Por su parte, la Asociación Española de la Carretera, condiciona esta propuesta a que la recaudación se destine a mejorar la red viaria y a ofrecer una mayor calidad de servicio.
En los últimos años, las inversiones de las distintas administraciones públicas en infraestructuras viarias han dotado al país de una red de carreteras que, salvo excepciones, puede definirse como de alta calidad. Somos uno de los países europeos con más kilómetros de autovías y autopistas, y hemos sido capaces de superar la estructura radial para formar una malla viaria capaz de articular nuestro territorio.
Sin embargo, todo este patrimonio que tanto ha costado construir (20.000 millones en los seis últimos años) está ahora en peligro debido a las restrictivas políticas de inversión, fruto de la crisis económica y de unos desequilibrios presupuestarios que priman el modo ferroviario -la alta velocidad fundamentalmente- frente al carretero. Y todo ello sin que se haya demostrado la rentabilidad económica ni social del AVE.

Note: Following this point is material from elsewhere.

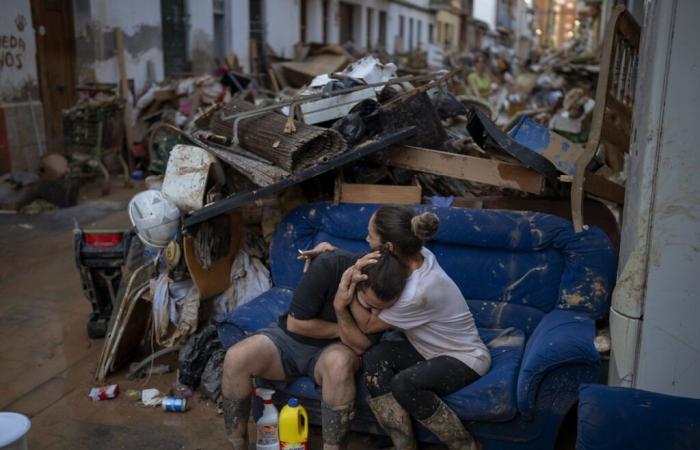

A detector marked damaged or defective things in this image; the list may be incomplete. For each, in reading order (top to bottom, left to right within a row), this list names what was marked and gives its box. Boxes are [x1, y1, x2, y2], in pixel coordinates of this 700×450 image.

broken wooden furniture [572, 6, 636, 232]
broken wooden furniture [216, 203, 616, 450] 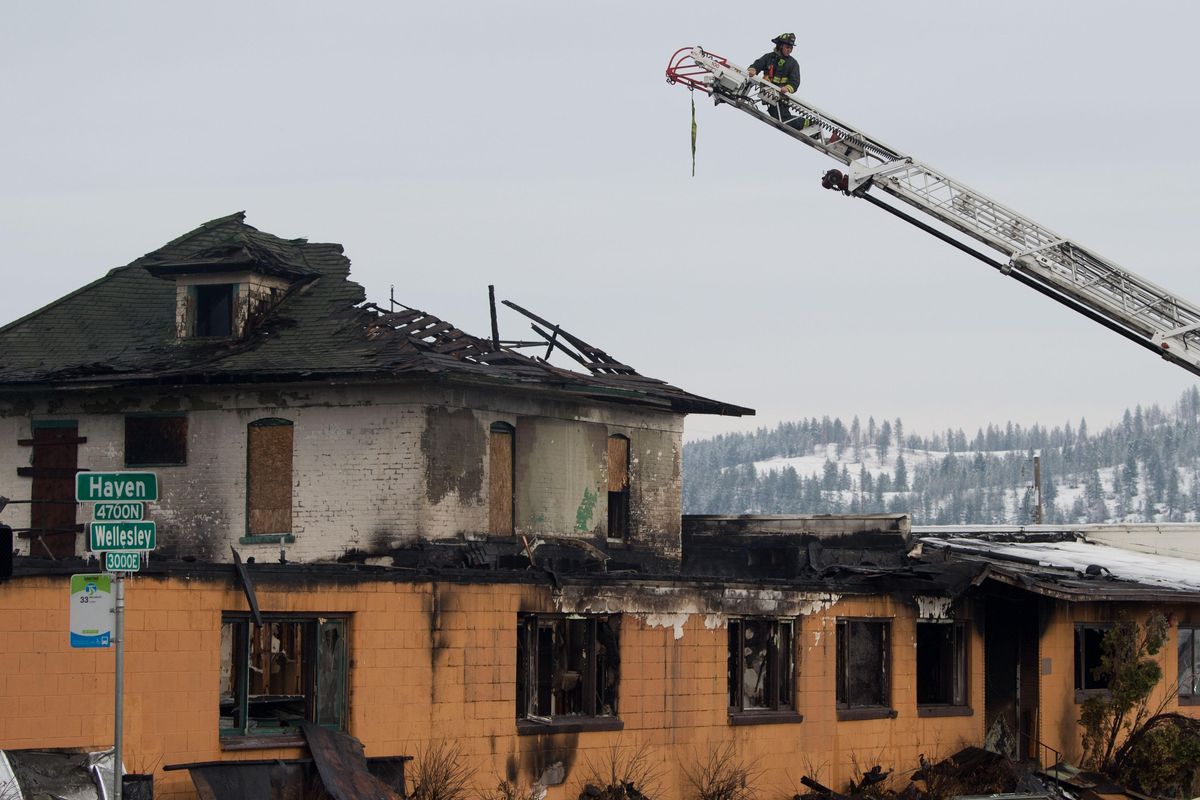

La Asociación trabaja, desde hace algún tiempo, en un modelo que cumple con la premisa de defender el derecho a la movilidad y, a la vez, permite disponer de un fondo de financiación exclusivo para la conservación y mejora de las carreteras: el bono de movilidad. Este bono propone la circulación libre y gratuita de todos los vehículos privados durante los primeros 15.000 kilómetros que se recorran al año. En el caso del transporte profesional de mercancías, la gratuidad llegaría hasta los 100.000 kilómetros. Por encima de estos baremos, unos y otros deberán aportar una cuota que variará en función de unos criterios predeterminados.
Así, los “kilómetros nocturnos” serán siempre gratuitos, mientras que se pagará en las hora punta y en las carreteras que sufren mayor congestión (normalmente los accesos a las grandes urbes). En este caso, será más caro circular un lunes a las ocho de la mañana que ese mismo día a la una de la tarde. También será mayor el peaje si se transita por una vía de acceso a una gran ciudad que si se hace por una carretera de la red secundaria.
La propuesta de la AEC lleva implícita, sin ningún tipo de concesión, que la recaudación asociada al bono de movilidad se destine de forma íntegra a la carretera, a su conservación y a la mejora claramente perceptible de la calidad de servicio de la red. En la actualidad, sólo una quinta parte de la recaudación fiscal que genera este modo de transporte revierte en él.